No club has appeared in as many FA Cup finals without tasting victory as Leicester City, but the Foxes will have their first chance to redeem that fact since 1969 when they meet Chelsea in England’s showpiece event on Sunday morning (Aest).

Brendan Rogers’ Foxes will be just the fifth Leicester iteration to contest the final in club history; in contrast, this will be Chelsea’s fourth appearance in five years.

The Athletic’s Rob Tanner believes Leicester’s scarcity in appearances could see it mean more to them, with Chelsea still to compete in the Champions League final later this month.

“This is the first FA Cup final they’re going to appear in for 52 years, the last time was 1969. The last time they were in a semi-final was 1982. So it’s been massive, like the holy grail for Leicester fans”, he told Box2Box.

“If they could win it and complete the domestic set it would be incredible, and would be another chapter in their rise over the last few years. It’s a big day for them.”
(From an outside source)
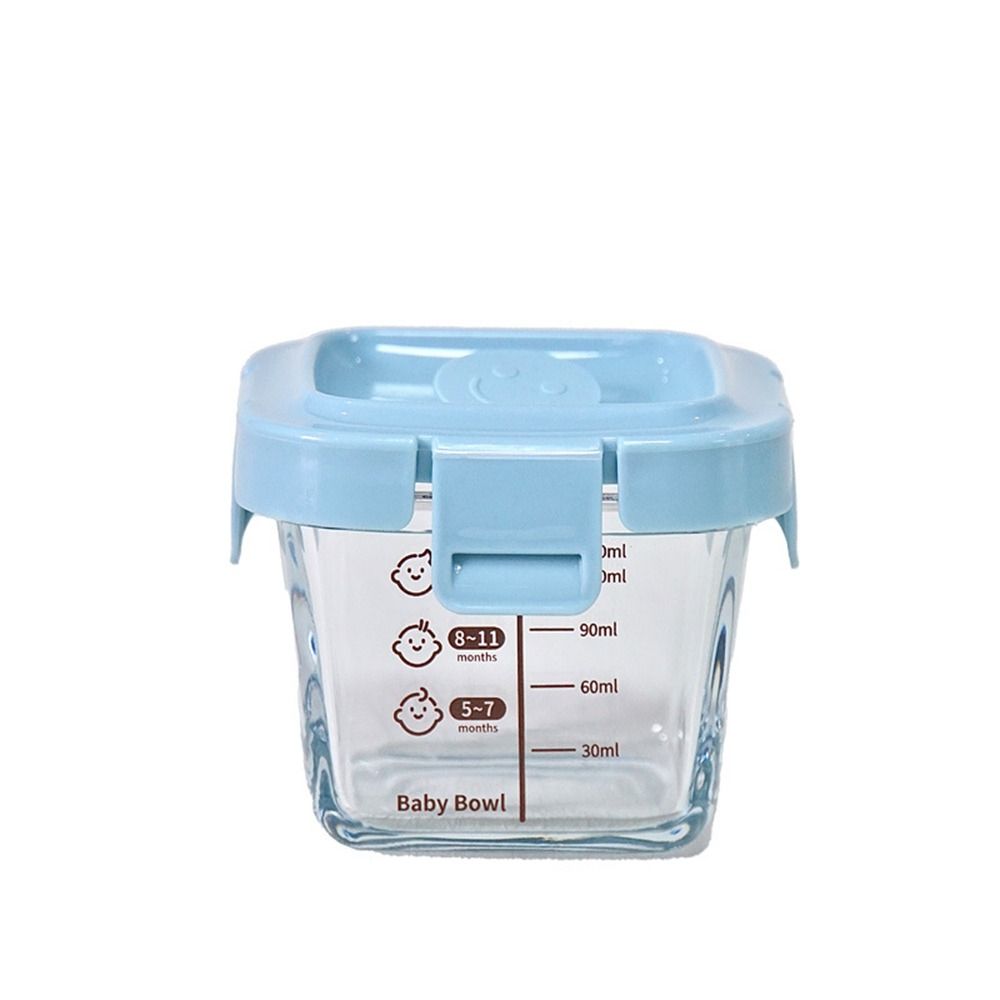 Kotak penyimpanan makanan kaca - Food Storage Safety ulasan dan harga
“For Chelsea, for all the big six clubs, in the FA Cup in some ways they field weaker teams. They don’t take it, until the very end, that seriously or show it the respect it used to demand.”
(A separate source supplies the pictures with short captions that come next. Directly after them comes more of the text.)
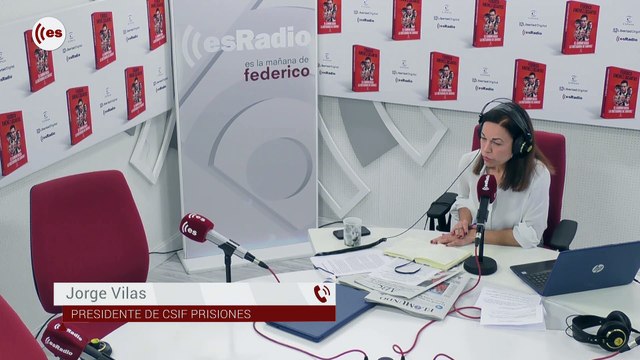 Entrevista a Jorge Vilas, presidente de CSIF Prisiones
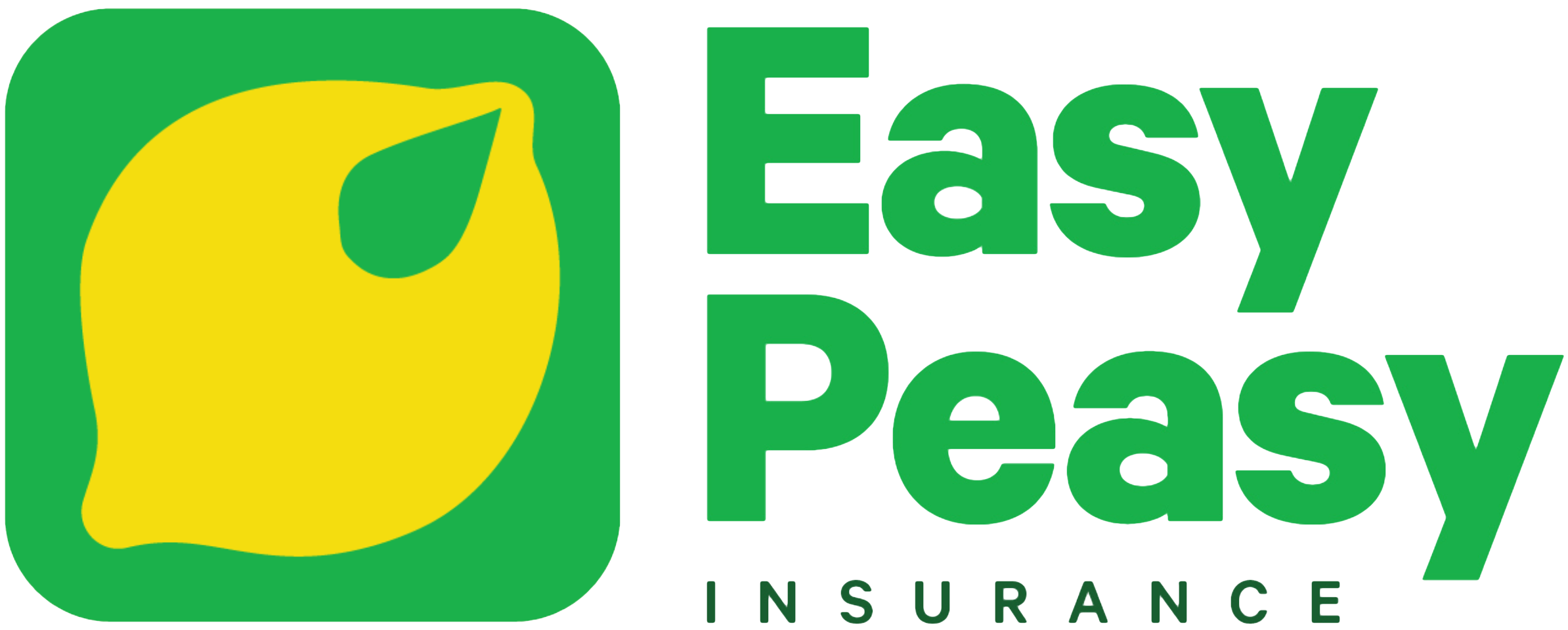Easy Peasy Insurance logo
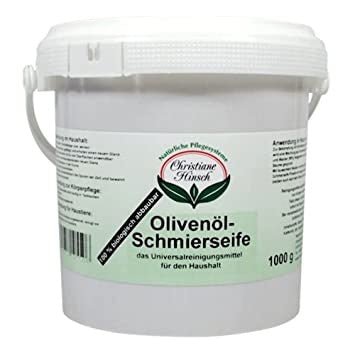 Schmierseife pastös im Küberl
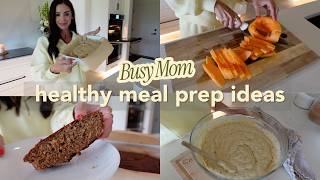 BUSY MOM Summer Meal Prep Ideas | EASY & HEALTHY 🥬🥒🍋🟩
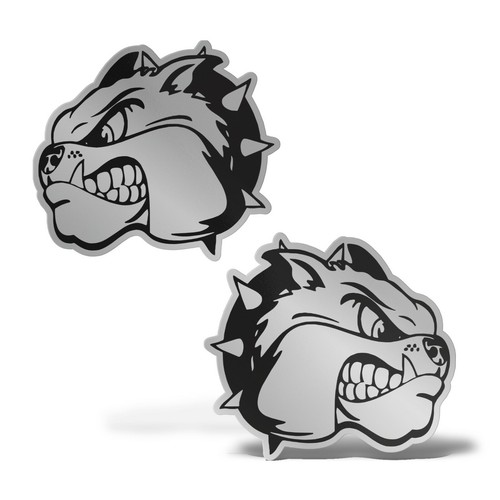 Autocollants bulldog cane - autocollants,
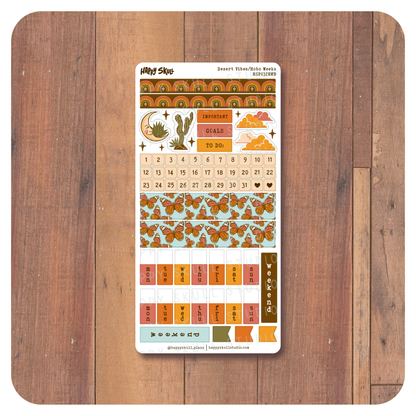 HS032HW Desert Vibes-Hobo Weeks
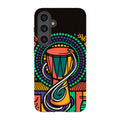 Talking Drum Halo by Ada Okoye — S24 Plus Tough Case — Finnaij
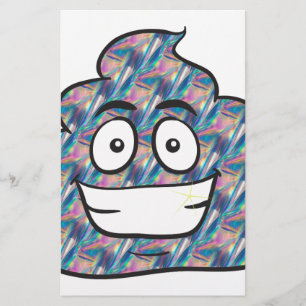 hologram poop emoji brevpapper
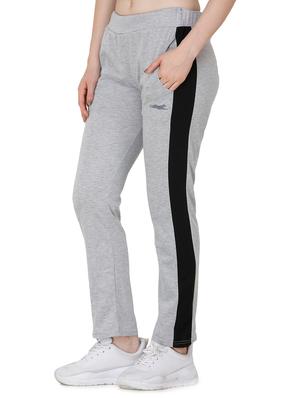 grey cotton yoga pants track - 17168649 - Standard Image - 2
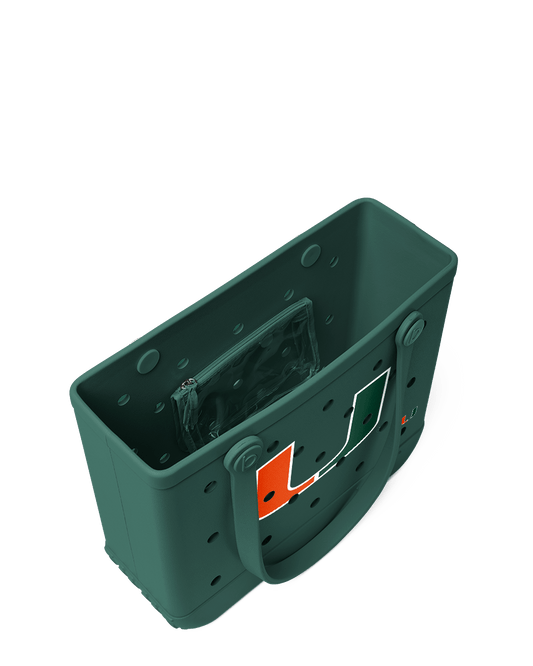 Medium Bogg Bag - Miami Hurricanes View 2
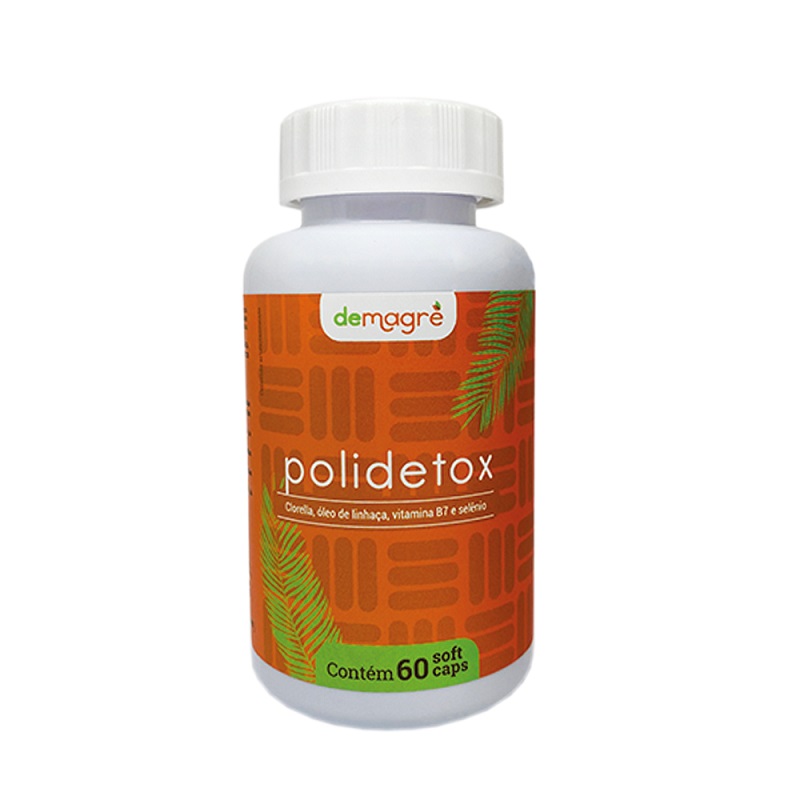 Polivitaminico Demagre Polidetox 60 capsulas - Equilibre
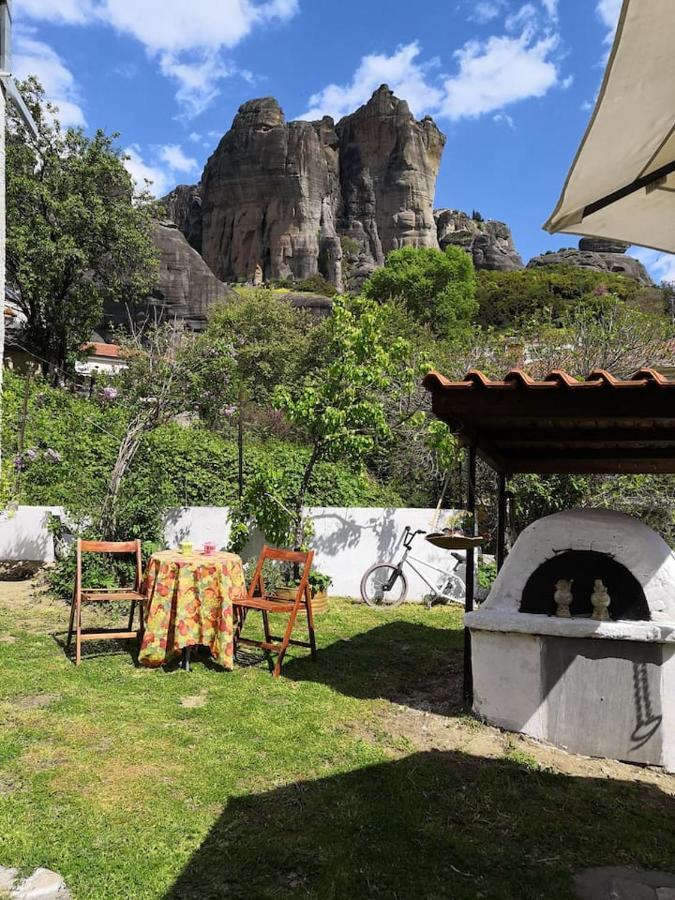Sotiris Idyllic Garden House Villa Kalampaka Exteriör bild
Tanner does however fear the Foxes may be on their last legs, following a taxing league campaign in which they’re doggedly clinging to a top four finish.
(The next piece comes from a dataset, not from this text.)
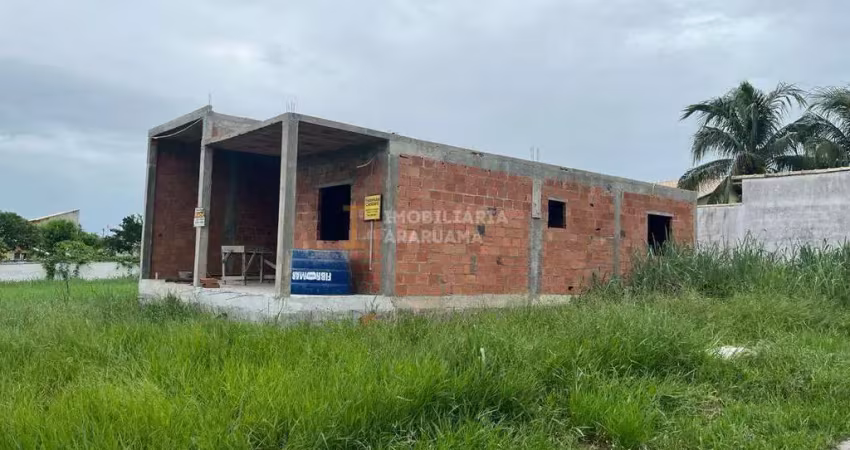 Casa em construção à venda no condomínio barão de monte belo | personalize do seu jeito!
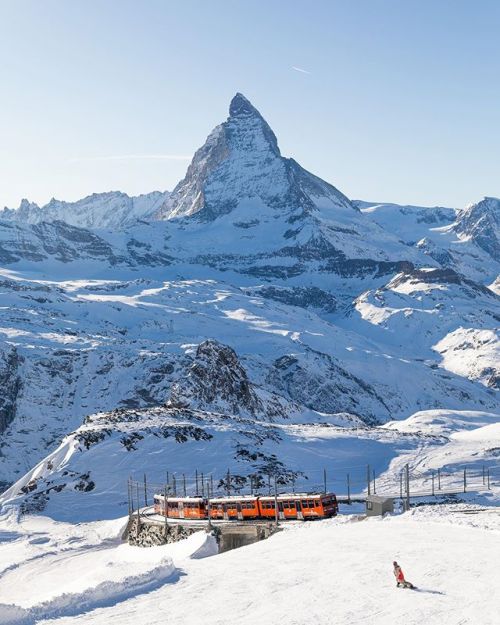 A few days ago I set eyes on the Matterhorn for the first time. This iconic Swiss mountain has been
“I think people don’t understand or appreciate the magnitude of the effort they’ve put in to stay in the top four all season.”

“Rogers has got to be given massive amounts of credit for the way he’s handled his players. He’s wringing the last dregs of energy from the players that are still standing for these last few games.”

If Rogers deserves credit than Chelsea boss Thomas Tuchel deserves a knighthood for the way he’s reinvigorated the Blues since his appointment in January, transforming Frank Lampard’s talented yet stuttering side into ‘arguably the best defensive team in Europe’.

That’s the opinion of The Athletic’s Liam Twomey, who lavished praise on the German for the speed with which he’s turned the side into a force.

“I don’t think you can call it a miracle because Chelsea have too much money, too many resources, too good a squad for that to be the case. But he’s certainly maximised this group of players pretty much from the moment he came in.”

Chelsea’s defensive record under Tuchel is extraordinary, having conceded just twelve goals from 26 matches in all competitions. The figure looks even more impressive if you discount the fact that five of these came in one game, a bizarre aberration against West Bromwich.

“He’s turned the biggest weaknesses under Lampard: the defensive structure, being too easy to counterattack [against] not pressing well enough, those three things are now their biggest strengths.”

“That’s incredible when you consider how little training time he’s had in between games… It’s probably been the best coaching performance seen at Chelsea since Antonio Conte won the league.”